Procida was born from the images shot by the 12 young people from Campania who participated in Procida Film Atelier 2022 held during Procida’s tenure as Italy’s Capital of Culture 2022. The film workshop, aimed at teaching how to direct documentary cinema and the making of an anthology film, was directed by Leonardo Di Costanzo (director of The Inner Cage, presented at the 78th Venice International Film Festival and winner of two David di Donatello awards for best original screenplay and best leading actor). He was assisted by directors Caterina Biasiucci, Claudia Brignone and Lea Dicursi, his former students at FILMAP - Atelier di Cinema del Reale in Ponticelli, Naples.

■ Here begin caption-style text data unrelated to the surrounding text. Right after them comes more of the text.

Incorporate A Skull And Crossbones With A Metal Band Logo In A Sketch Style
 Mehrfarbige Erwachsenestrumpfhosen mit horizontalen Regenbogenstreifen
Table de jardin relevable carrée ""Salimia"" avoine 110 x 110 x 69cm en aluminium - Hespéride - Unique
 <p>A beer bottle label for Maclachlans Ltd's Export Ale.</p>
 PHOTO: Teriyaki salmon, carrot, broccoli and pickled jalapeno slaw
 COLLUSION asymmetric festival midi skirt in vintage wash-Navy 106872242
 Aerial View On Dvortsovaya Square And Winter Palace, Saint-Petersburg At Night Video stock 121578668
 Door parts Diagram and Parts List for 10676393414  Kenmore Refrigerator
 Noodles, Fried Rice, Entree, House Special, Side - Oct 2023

The training project took place between June and July 2022 with an intensive workshop that saw students and teachers immersed in the life of the island to merge with its inhabitants and their stories. The participants, aged between 17 and 25 and, above all, coming from different film training backgrounds, in some cases none at all, experienced a unique training and production process. During the workshop, after an introduction to how to use a camera and microphones, the students divided into pairs (video and audio) and filmed exercises and sequences, followed by continuous collective screenings led by the teachers. Goals: to learn how to film space, our surroundings, everyday places, domestic space; how to film time and an action in its becoming; how to film speech, how to establish a relationship with the filmed subject.
This is how the research, study and observation of reality on the island of Procida continued: forming relationships with the people to be filmed, location scouting, researching archive material, both public and private: us and the island, the island and us. This was followed by the writing and presentation of the idea: creating itineraries and poetic visions starting from locations on the island, through researching the gaze used for each of the stories filmed by the participants, up to the identification of the narrative focuses of the film. Hence, from the images shot during a month-long workshop, the anthology film Procida was born, which was actually written in the editing room with the delicate and intense work of Lea Dicursi and Claudia Brignone.
The making of the film confirmed the project's intentions as an opportunity to foster the growth of 'human capital' and build creative and technical skills that remain the heritage of the territory, by enhancing learning and culture through the language of film as a tool for individual and collective development. Starting from young people and their gazes, connected to their roots, but projected into the future, the film animated a process that involved the community and was nourished by the inspiration of the island, its openness to the world and its welcoming soul full of stories and beauty. This film is important as a process of learning and observation, of questioning and research.